Dopamine production is also dependent on 2-AG — dopamine being one of the brain’s principal reward chemicals. A study referenced by DrugAbuse.gov showed that 2-AG is vital for releasing dopamine. They tested this using cocaine-addicted rats. Cocaine works by flooding the brain’s nucleus accumbens with dopamine. Cokehead rats in the study treated with a chemical that blocked 2-AG showed a 50 percent lower concentration of dopamine in their brains.
Check out our article on cannabis-induced psychosis to see the negative side effects of a disrupted dopamine system when it comes to smoking weed.
Though 2-AG seems to have an outsized role in suppressing inflammation and immune response in the peripheral nervous system as compared with anandamide, 2-AG also has marked psychotropic effects — perhaps due to its regulation of dopamine production.

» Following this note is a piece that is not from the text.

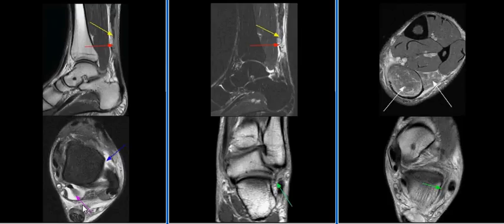Fluid is seen in the flexor hallucis longus tendon sheath, which is disproportionate to the tibiotalar joint effusion, consistent with tenosynovitis of the flexor hallucis longus.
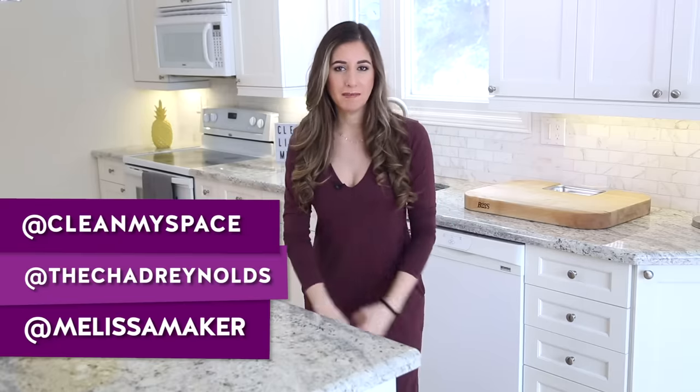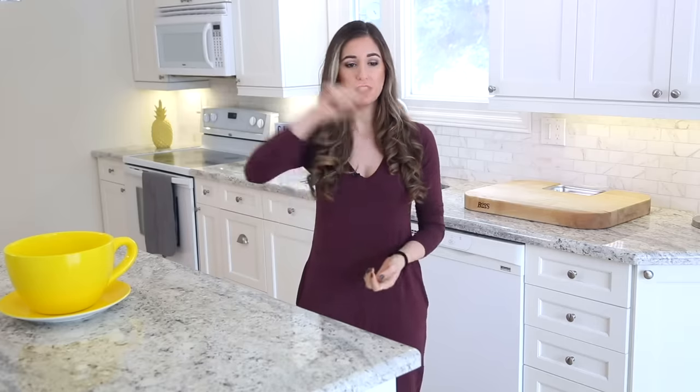If you want to see what we're up to during the rest of the week, you should follow along on Instagram. I am at Melissa Maker, Chad who's behind the camera today is at Chad Reynolds, and the two of us are at Clean My Space. Here are a couple of other videos I think you're going to love, and if you want to learn more about Maker's Clean Microfiber Cloth, you can click this button right over here. There is a button down there that lets me know you care, so click it if you liked this video, and click this button right here to subscribe and begin your journey to a cleaner life. Thanks so much for watching and we'll see you next time.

As evidence, squirrel monkeys trained as intravenous drug users loved shooting up with 2-AG when scientists replaced their usual cocktail.
“Thus, 2-AG was actively self-administered by monkeys with or without a history of cannabinoid self-administration, and the reinforcing effects of 2-AG were mediated by CB1 receptors,” the 2011 Journal of Neuroscience study states. “Self-administration of 2-AG by squirrel monkeys provides a valuable procedure for studying abuse liability of medications that interfere with 2-AG signaling within the brain and for investigating mechanisms involved in the reinforcing effects of endocannabinoids.”